Das Gentechnik-Expertengremium der EFSA wird immer wieder wegen seiner Industrienähe kritisiert. Die Abgeordneten des EU-Parlaments verweigerten deshalb schon einmal die Entlastung des Budgets der Behörde – ein bislang einmaliger Vorgang. Nach Erkenntnissen des Instituts Testbiotech hatten und haben mehrere Mitglieder des Gremiums enge Kontakte zu Gentechnik-Herstellern. In den Fragebögen, die sie vor der Tätigkeit für die EFSA ausfüllen müssen, haben sie diese Interessenkonflikte oft nicht angegeben. Bei den Vorwürfen geht es meist um das International Life Sciences Institute (ILSI), eine Lobbygruppe der Agrochemiekonzerne.
In dem nun vom Rechnungshof analysierten Zeitraum war beispielsweise der Niederländer Harry Kuiper Vorsitzender der Gentechnik-Kommission der EFSA. Zur selben Zeit arbeitete er auch für ILSI, und das wohl kaum zum Nulltarif. Auch nach dem Abschluss der Rechnungshof-Prüfung im letzten Herbst hat sich an dieser Situation nichts geändert. Die beiden stellvertretenden Vorsitzenden des Gremiums, Gijs Kleter und Patrick Du Jardin, waren nach Testbiotech-Informationen ebenfalls jahrelang mit ILSI beziehungsweise einer anderen Lobbyorganisation, der Public Research and Regulation Initiative (PRRI), verbunden.
Testbiotech hatte im Fall Du Jardin im Sommer gemeldet, dass dieser seine Verbindungen zur PRRI nicht angegeben hatte. Nun hat die EFSA hier offensichtlich reagiert: im April dieses Jahres fand sich in den Angaben Du Jardins zu seinen „sonstigen Mitgliedschaften und Zugehörigkeiten“ lediglich ein Eintrag. Doch diese wurden auf der Website der Behörde ausgetauscht.
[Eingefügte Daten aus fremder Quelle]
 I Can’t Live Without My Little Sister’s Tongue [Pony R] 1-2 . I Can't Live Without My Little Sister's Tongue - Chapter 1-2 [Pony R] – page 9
Jetzt gibt es eine neue Version von Ende August. In dieser hat Du Jardin ergänzt, dass er von Januar 2010 bis Juli 2012 eine „bloße Mitgliedschaft“ bei PRRI innehatte, „um allgemeine Informationen zu internationalen Aktivitäten in den Pflanzen-Biotechnologie- und Biosicherheitssektoren zu erhalten.“
Die Risikoprüfung durch die EFSA dürfte in den Augen der Öffentlichkeit angesichts des jetzt veröffentlichten Bericht des Rechnungshofes nicht glaubwürdiger werden. Auch in der Beurteilung der viel beachteten und kontrovers diskutierten Studie von französischen Wissenschaftlern zu den gesundheitlichen Auswirkungen von Gentech-Mais spielten Interessenkonflikte eine Rolle. So kritisierte die EU-Abgeordnete Corinne Lepage, dass einer der EFSA-Experten sowohl an der Zulassung des Monsanto-Maises NK603 im Jahre 2003 beteiligt war, als auch an dem negativen Urteil der Behörde zu der Studie, die NK603 mit erhöhten Krebsraten in Verbindung brachte.